Updated: Jun 3
In our previous article we learnt how to find the middle node in a singly linked list. In this article we will discuss how to reverse a given singly linked list.
Write an algorithm to reverse the given singly linked list.
Input: 1 -> 2 -> 3 -> 4 -> 5 Output: 5 -> 4 -> 3 -> 2 -> 1
Input: 2 -> 4 -> 6 Output: 6 -> 4 -> 2
Fundamental understanding of singly linked lists.
Solution 1: Using Stack
We can use the properties of a stack data structure to reverse a given linked list. Problems involving reversing something (strings, series of characters, numbers, lists etc), can mostly be solved using stacks.
Stack is a last in first out (LIFO) data structure. We push and pop elements from the top of stack. We can use this to our advantage to reverse the given list.
Notice: We will soon publish a detailed article on stack data structure.
The idea is to first push all the nodes of the given linked list into the stack, then pop them one by one and reconnect the nodes thereby reversing the list.
The intuition behind this approach is based on the fact that the list nodes that are pushed into stack (from start to end) when popped out will be in reverse order.
For a given linked list this algorithm does the following steps:
Traverse the given singly linked list starting from the head node.
As we visit each node, we add it to the top of stack.
We need to do this for all the nodes in the list.
Once all the nodes are added to stack, pop them one be one.
Make the first node to be popped from stack as the head of linked list (this is the last node in the original list).
For all the other popped nodes, connect the next pointer of previously popped node to the current popped node.
Lets understand this with an example. Consider you are given the below linked list:
Lets take a stack to store these nodes. Initially the stack is empty as shown below:
Traverse the linked list starting from the head node and add them to stack. So we begin by adding node 1 to stack.

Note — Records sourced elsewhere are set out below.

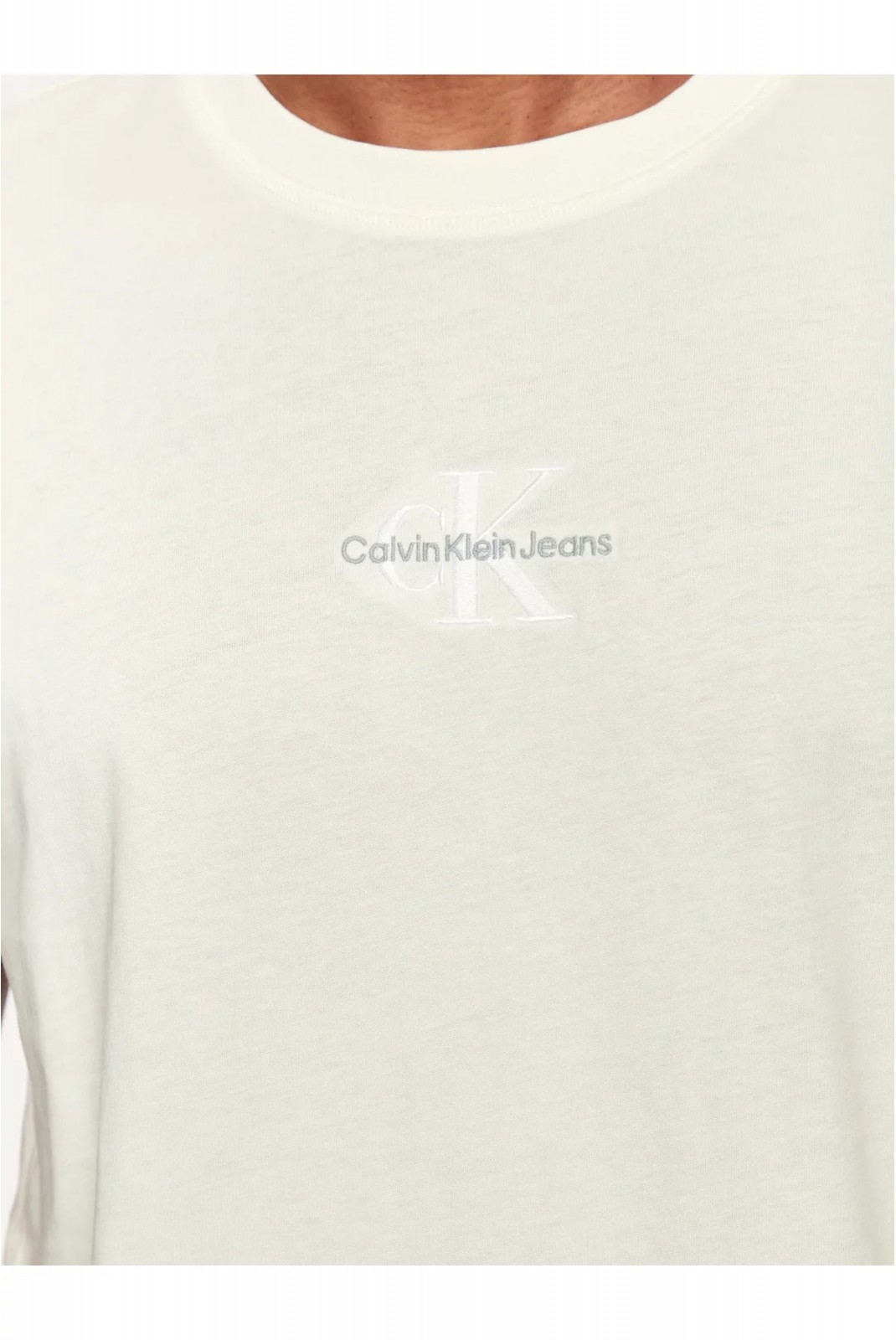 TShirt logo brodé coton Calvin klein YBI Ivory J30J325649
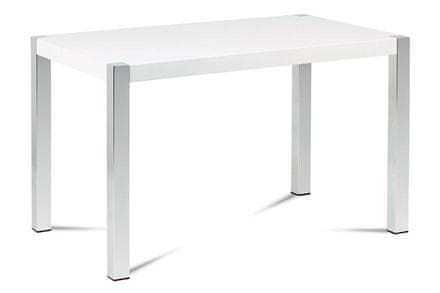 Autronic Moderný jedálenský stôl Jídelní stůl 120x75 cm, MDF deska, bílý vysoký lesk, chromované nohy (AT-2066 WT) (2xKarton)
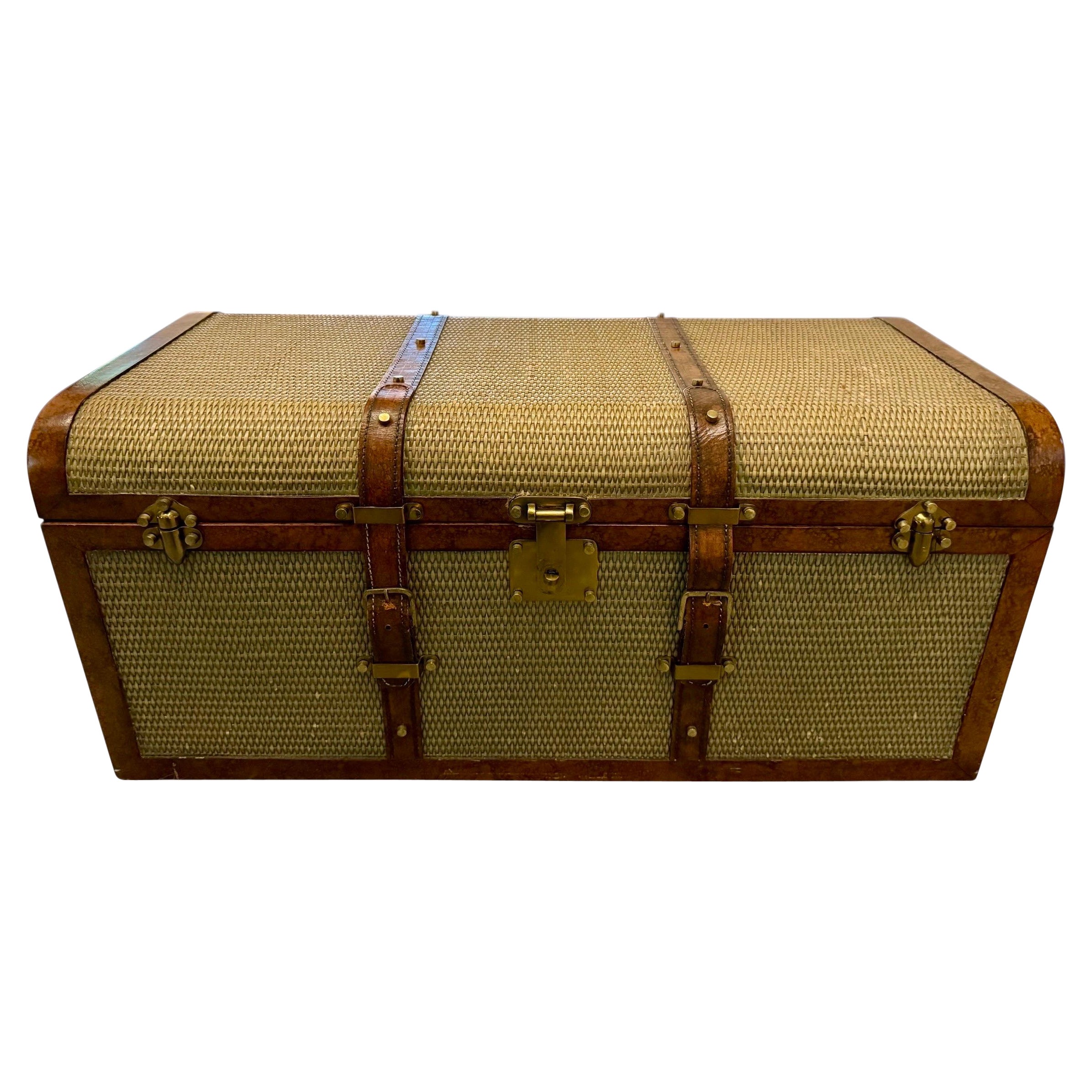 Maitland Smith Rattan and Leather Trunk with Brass Hardware, Immaculate Interior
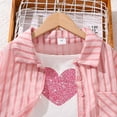 thumbnail image 4 of Fozruso 2 Piece Outfit Summer Girls' Large Sized Straps Style Heart Shaped Tank Top Long Sleeved Sun Protective Shirt With Elastic Waist And Short Pants Set,10-11 Years(Red), 4 of 6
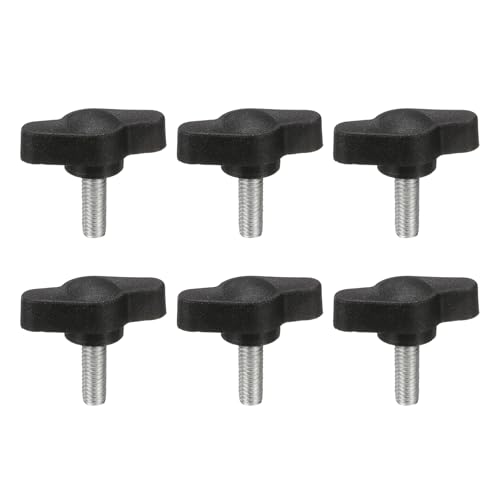 PATIKIL M5 x 14mm Tee Wing Thumb Screws, 6Pcs Carbon Steel Mechanical Handle Bolt Thumb Screws for Remove Replace Hand Clamping Tightening Knobs Power Supply, Black - size: M5 x 14mm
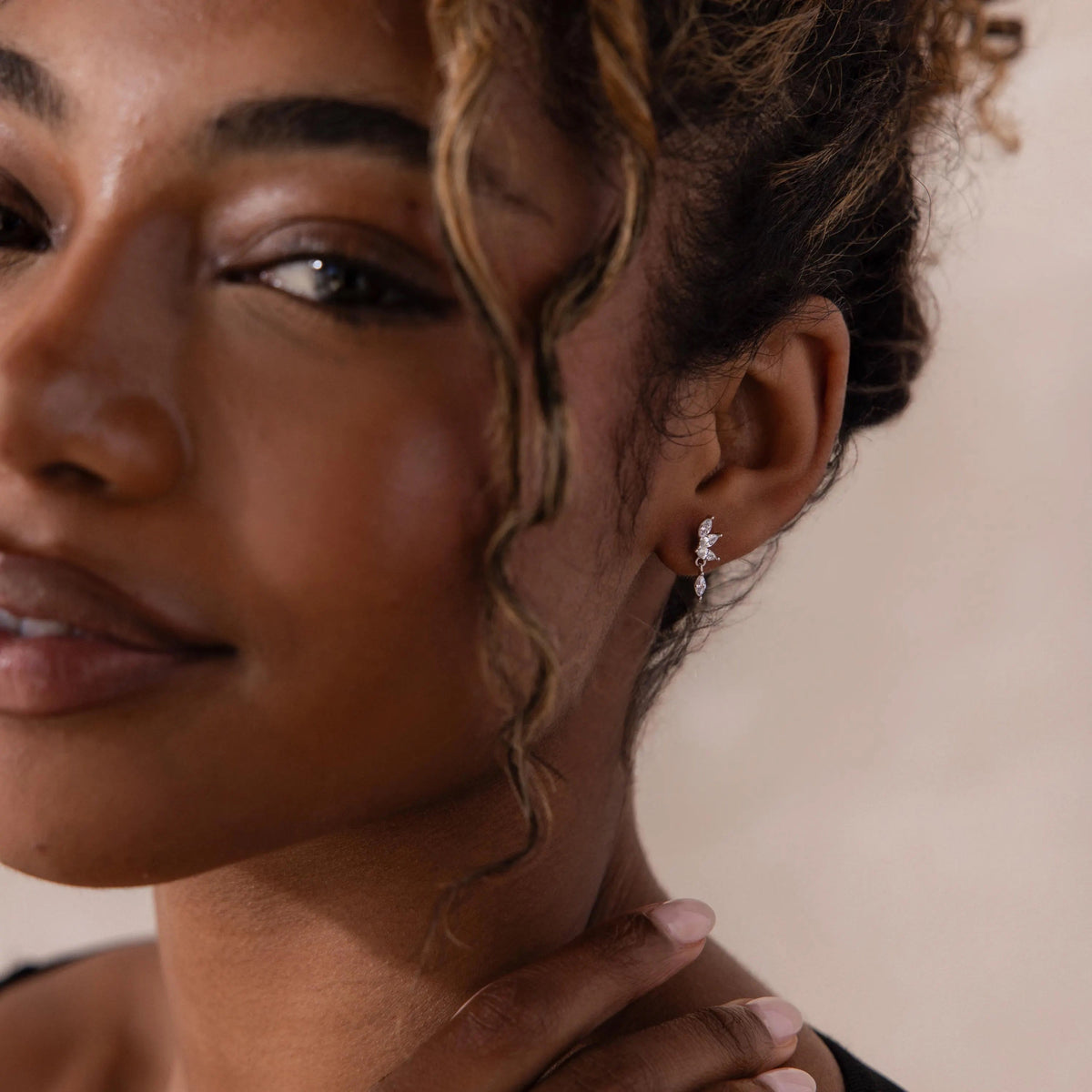 Diamond Marquise Drop Studs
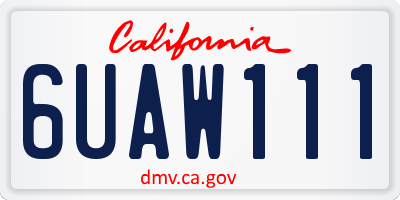 CA license plate 6UAW111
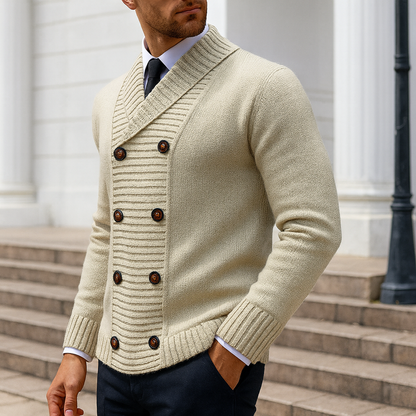 Men's Cardigan Sweater – Double Breasted Shawl Collar Cardigan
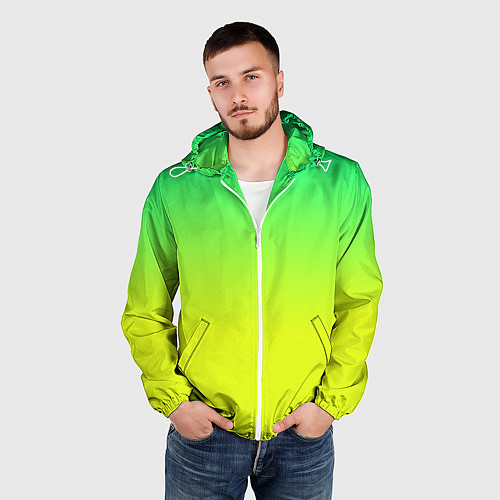 Мужская ветровка Зелено-желтый градиент / 3D-Белый – фото 3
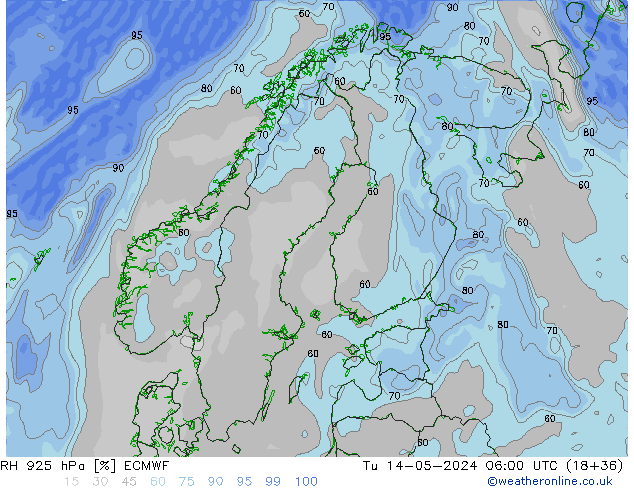 RH 925 hPa ECMWF Út 14.05.2024 06 UTC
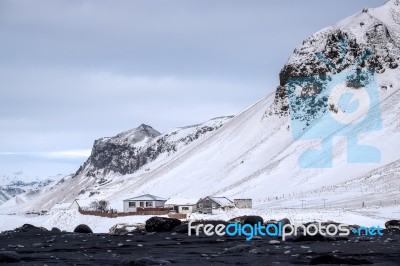 Reynisfjara Volcanic Beach In Winter Stock Photo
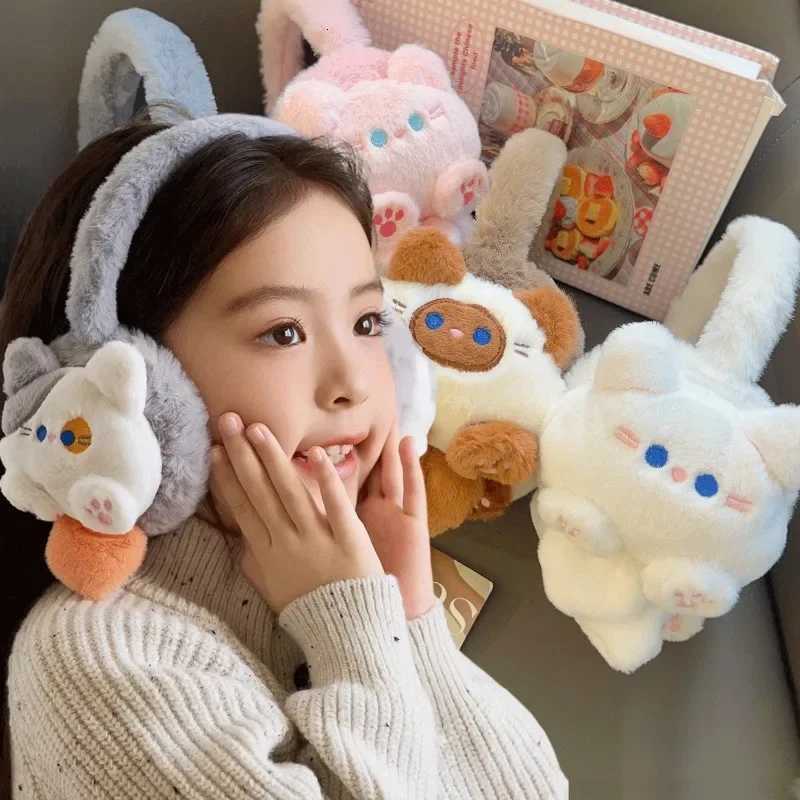 Kawaii Winter Plush Cat Earmuffs Child Warm Cute Cartoon Adult Ear Protection Adjustable Earflap Outdoor Windproof EarCover Gift W251110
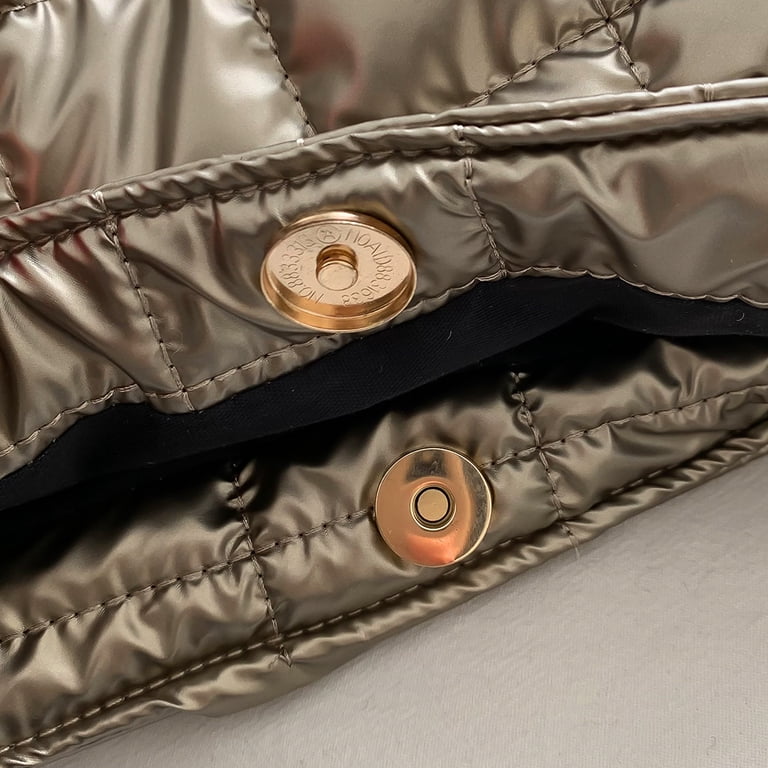 Women Champag Quilted Polyester Lightweight Zipper Luxury Tote Shoulder Handbag Champagne Gold Tote Purse | Elegant Faux Leather Handbag  main image 4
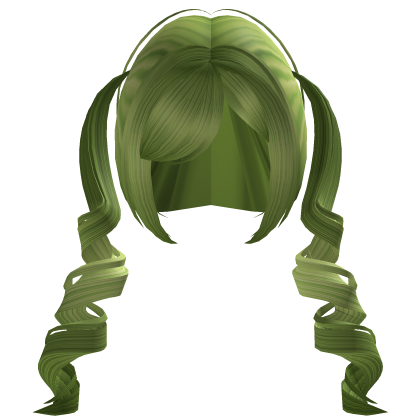 Soft Pigtail curls in Green
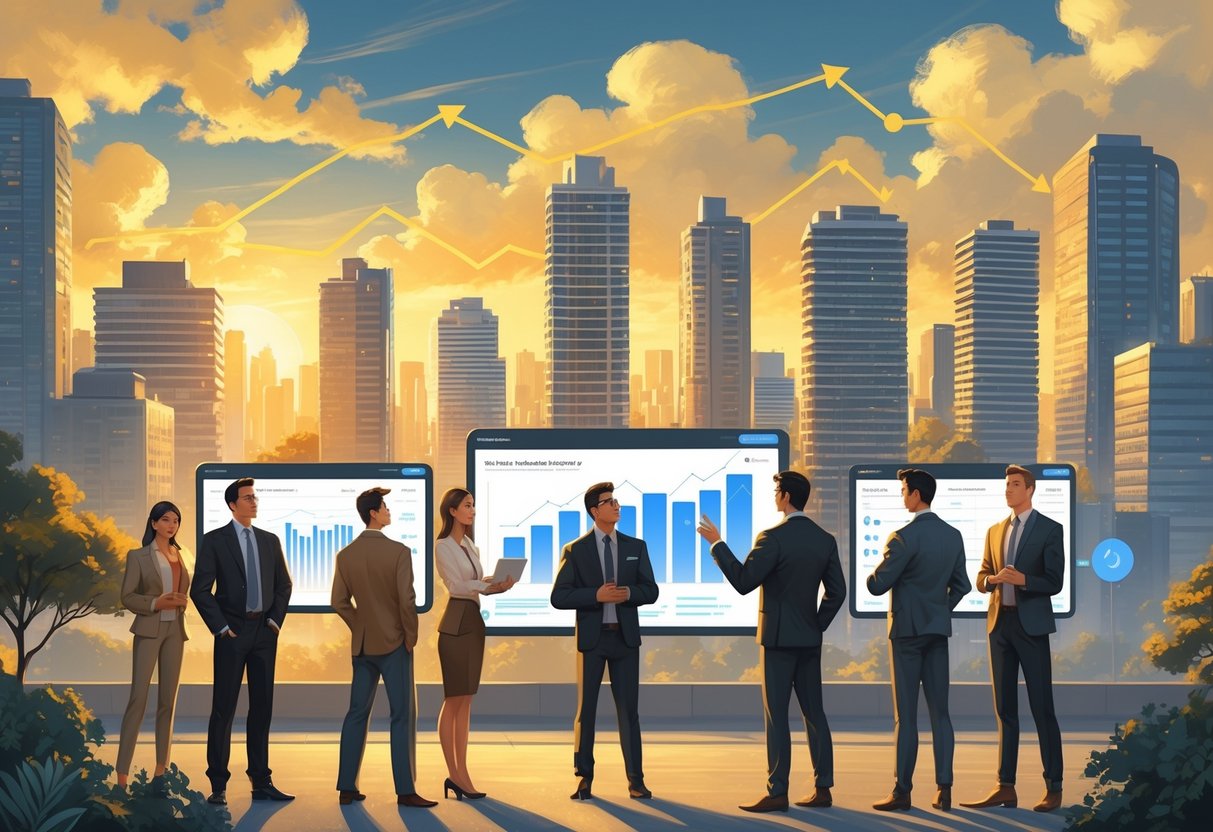 A vibrant city skyline with diverse people interacting with digital financial displays, symbolizing real estate investment and financial growth.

Next we move our current pointer to node 2, add node 2 to stack.
Finally we add node 3 to stack.
Now that all the linked list nodes are added to stack, we need to pop them one by one from stack.
First we pop node 3 from stack. Since node 3 is the first node to be popped, we make it the head node of the linked list.
Next we pop node 2 from stack. Also we need to connect the next of previously popped node, node 3, to the current node, node 2.
Finally we pop node 1 from stack and connect the next of node 2 to node 1. As you can see, we have successfully reversed the given linked list using stack.
Time Complexity: O(n)
In this approach we need to visit each node in the list twice to reverse it (once to add it to the stack, and again to pop it from stack). So, the time complexity is O(n) + O(n) = 2 * O(n) which in general can be represented as O(n).
Space Complexity: O(n)
Space complexity is also O(n) since we store each node in stack.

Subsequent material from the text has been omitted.